[[ PROVIDED RECORDS open ]]

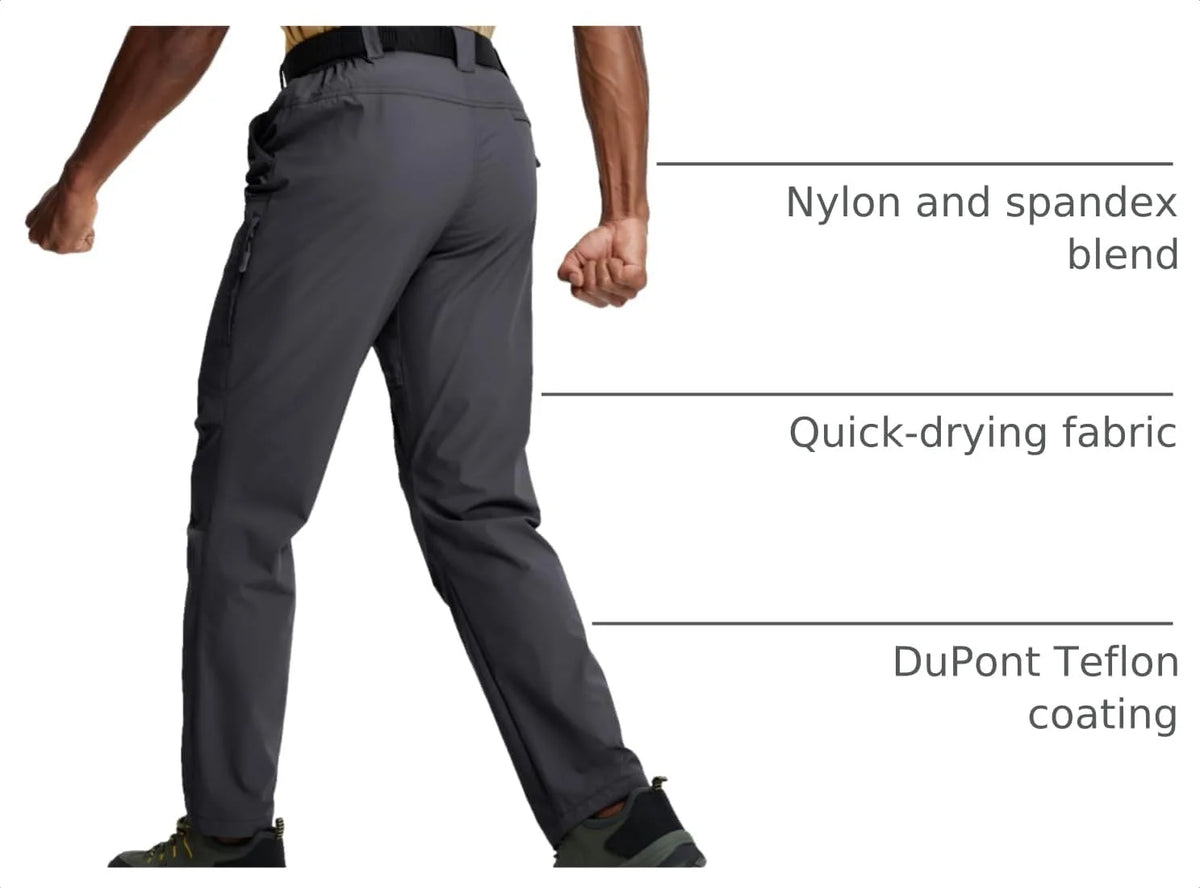 Mens Hiking Pants Lightweight Cargo Work Tactical Nylon Stretch Waterproof Quick Dry Fishing Travel Outdoor 6 Pockets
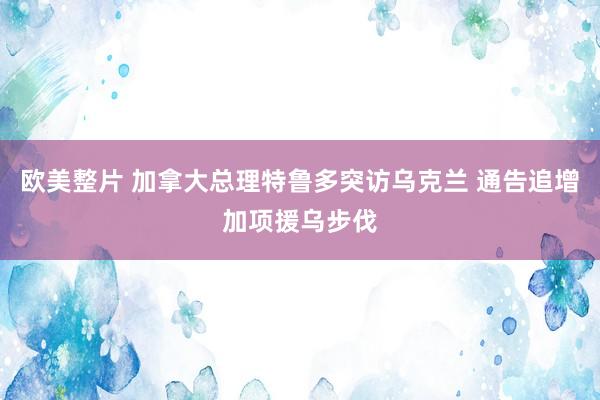 欧美整片 加拿大总理特鲁多突访乌克兰 通告追增加项援乌步伐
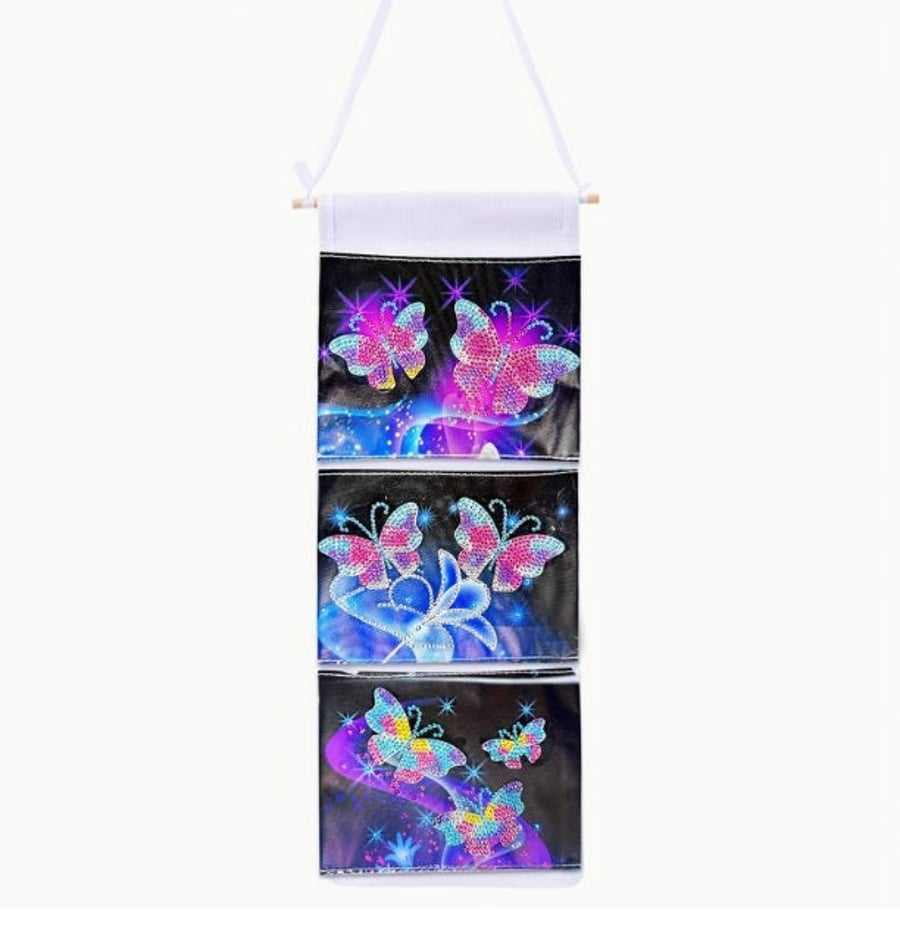 5D DIY Mystical Butterfly Hanging Door Storage Bag Diamond Painting Kit Crystal 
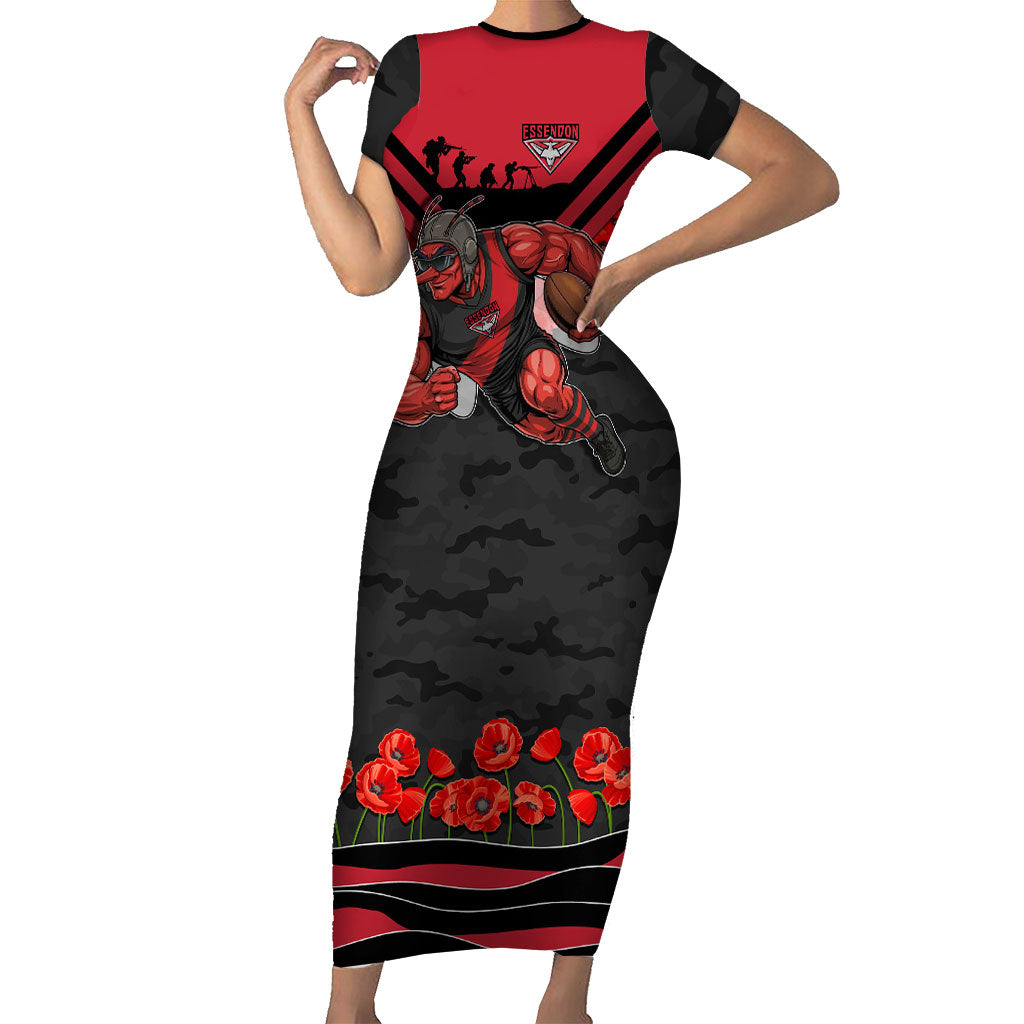 Personalised Essendon Bombers ANZAC Short Sleeve Bodycon Dress Military Remembrance Australian Football Mascot Camouflage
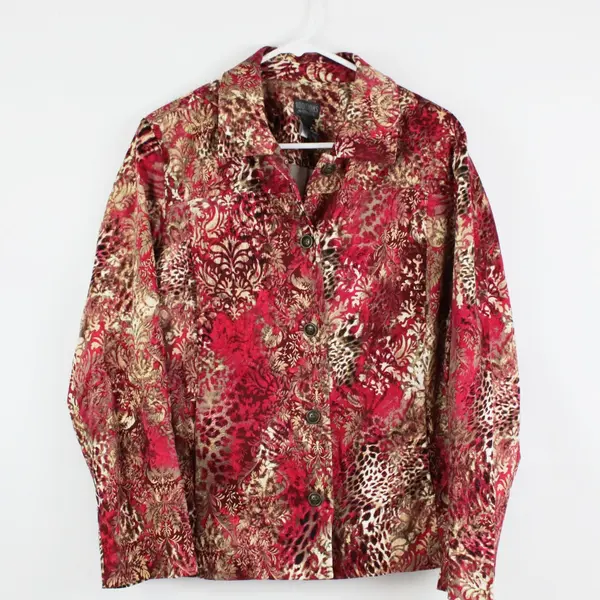 Additions by Chico's Women's Red Brown Floral Leopard Print Jacket Size 3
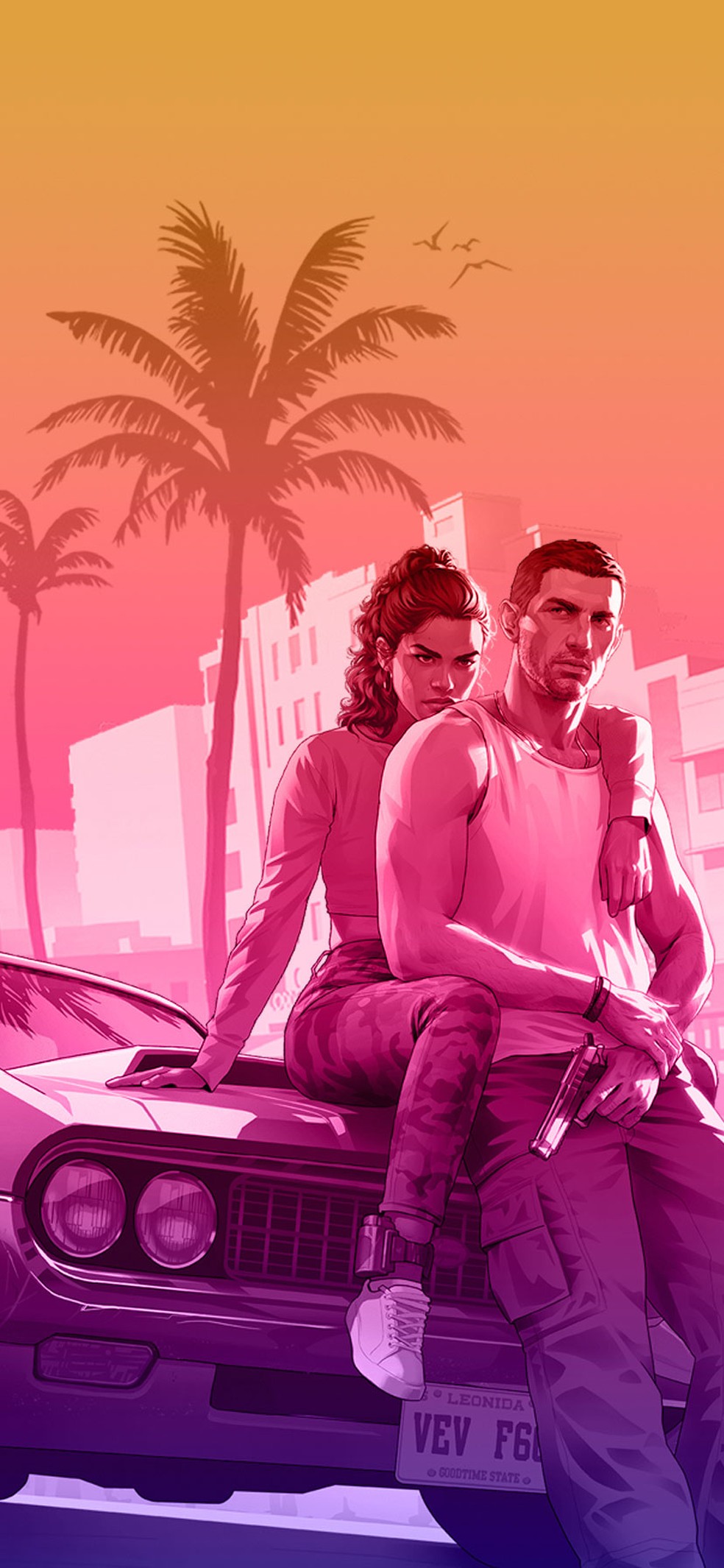 Wallpaper para smartphone com a arte oficial de GTA 6 com cores em gradiente pelo usuários Xayias do GTA Forums — Foto: Reprodução/Xayias, GTA Forums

[[ PROVIDED RECORDS closed ]]

### [TASK]
Restate the data word for word without pictures.

### [RESPONSE BOX]
 Mens Hiking Pants Lightweight Cargo Work Tactical Nylon Stretch Waterproof Quick Dry Fishing Travel Outdoor 6 Pockets
 欧美整片 加拿大总理特鲁多突访乌克兰 通告追增加项援乌步伐
 5D DIY Mystical Butterfly Hanging Door Storage Bag Diamond Painting Kit Crystal 
 Personalised Essendon Bombers ANZAC Short Sleeve Bodycon Dress Military Remembrance Australian Football Mascot Camouflage
 Additions by Chico's Women's Red Brown Floral Leopard Print Jacket Size 3
 Wallpaper para smartphone com a arte oficial de GTA 6 com cores em gradiente pelo usuários Xayias do GTA Forums — Foto: Reprodução/Xayias, GTA Forums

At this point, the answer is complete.